Judith Feeney — digital editor for NJ Press Media, Asbury Park Press (app.com), Daily Record (dailyrecord.com), the Home News Tribune, and the Courier News — started the discussion by reminding us there are a vast number of new tools and a lot less time to get the job done. She suggested that PR and media relations professionals need to become familiar with all of the tools out there. Know who you are pitching and don’t blanket your pitch to multiple people. Look at the type of material the publication and journalist produces and tailor your pitch accordingly.
Christopher Sheldon, the Long Branch editor of Patch.com, a hyperlocal publication, said to make sure to include the who, what, where, when and why in the first paragraph. If it’s not local to his area, he cannot write about it. His audience is looking for community news.
Christy Potter Kass, assistant editor of The Alternative Press, agreed with Chris and said her publication is also hyperlocal and stories must tie into the values and interests of local readers. She emphasized not to confuse hyperlocal publications with national publications.
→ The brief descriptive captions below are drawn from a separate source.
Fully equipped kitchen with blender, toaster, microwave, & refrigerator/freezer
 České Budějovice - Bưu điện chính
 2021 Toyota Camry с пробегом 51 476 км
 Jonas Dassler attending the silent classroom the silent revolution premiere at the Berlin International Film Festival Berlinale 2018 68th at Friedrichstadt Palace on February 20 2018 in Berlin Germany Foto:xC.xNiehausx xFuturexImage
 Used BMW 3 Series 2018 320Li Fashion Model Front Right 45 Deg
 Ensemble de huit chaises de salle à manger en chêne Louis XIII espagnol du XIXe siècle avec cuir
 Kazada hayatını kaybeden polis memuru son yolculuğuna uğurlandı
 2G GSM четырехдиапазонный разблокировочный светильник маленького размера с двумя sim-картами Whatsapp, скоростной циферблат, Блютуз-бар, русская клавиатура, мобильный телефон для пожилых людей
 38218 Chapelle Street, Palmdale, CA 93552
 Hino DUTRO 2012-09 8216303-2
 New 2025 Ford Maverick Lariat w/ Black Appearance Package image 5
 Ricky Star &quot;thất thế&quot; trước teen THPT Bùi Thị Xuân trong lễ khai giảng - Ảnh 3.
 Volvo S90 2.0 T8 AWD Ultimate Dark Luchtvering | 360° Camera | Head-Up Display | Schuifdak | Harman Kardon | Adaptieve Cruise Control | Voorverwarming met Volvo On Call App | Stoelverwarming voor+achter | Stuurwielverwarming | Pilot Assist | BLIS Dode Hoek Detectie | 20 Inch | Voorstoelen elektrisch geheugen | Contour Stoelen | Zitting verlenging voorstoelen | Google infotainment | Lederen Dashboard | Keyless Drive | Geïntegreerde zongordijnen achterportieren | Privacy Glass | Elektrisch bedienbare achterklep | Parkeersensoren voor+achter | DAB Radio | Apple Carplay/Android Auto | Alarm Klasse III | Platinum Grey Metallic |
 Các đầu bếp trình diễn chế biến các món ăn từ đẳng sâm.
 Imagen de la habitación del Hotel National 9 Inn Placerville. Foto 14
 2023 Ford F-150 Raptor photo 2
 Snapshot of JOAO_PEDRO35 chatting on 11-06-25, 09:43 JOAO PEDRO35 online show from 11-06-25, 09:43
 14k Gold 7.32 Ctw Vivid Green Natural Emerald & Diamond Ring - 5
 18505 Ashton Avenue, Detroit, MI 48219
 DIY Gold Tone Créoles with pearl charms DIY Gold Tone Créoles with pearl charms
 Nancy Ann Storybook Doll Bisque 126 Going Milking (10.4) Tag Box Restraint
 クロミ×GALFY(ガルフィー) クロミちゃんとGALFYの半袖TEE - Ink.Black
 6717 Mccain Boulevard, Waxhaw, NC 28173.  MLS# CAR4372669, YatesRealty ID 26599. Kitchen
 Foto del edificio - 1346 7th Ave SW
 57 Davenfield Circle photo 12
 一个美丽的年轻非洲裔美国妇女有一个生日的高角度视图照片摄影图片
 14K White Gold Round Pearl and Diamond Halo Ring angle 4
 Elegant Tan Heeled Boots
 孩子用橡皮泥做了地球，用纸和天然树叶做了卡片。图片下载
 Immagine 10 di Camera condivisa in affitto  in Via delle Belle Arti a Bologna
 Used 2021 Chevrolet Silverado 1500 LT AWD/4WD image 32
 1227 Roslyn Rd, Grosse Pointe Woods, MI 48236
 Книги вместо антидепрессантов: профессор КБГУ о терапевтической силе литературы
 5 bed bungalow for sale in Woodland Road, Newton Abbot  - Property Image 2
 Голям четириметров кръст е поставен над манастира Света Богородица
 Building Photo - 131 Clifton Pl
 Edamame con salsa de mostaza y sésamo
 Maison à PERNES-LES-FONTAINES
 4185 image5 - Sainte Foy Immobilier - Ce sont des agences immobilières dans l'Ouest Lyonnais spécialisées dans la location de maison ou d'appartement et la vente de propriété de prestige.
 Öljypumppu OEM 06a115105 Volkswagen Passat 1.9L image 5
When asked the definition of “hyperlocal,” Christy said the more local the story the better. News must be about something going on in town or have a connection to the community.
Joan Bosisio, group vice president of Stern & Associates said that (with all the recent layoffs) PR people have an opportunity to help journalists, who are working on stories, do their jobs. Journalists are now doing more than one job and by presenting them with not only the story, but the materials to help them write the story (e.g., video, spokespeople and social media) you make their job easier.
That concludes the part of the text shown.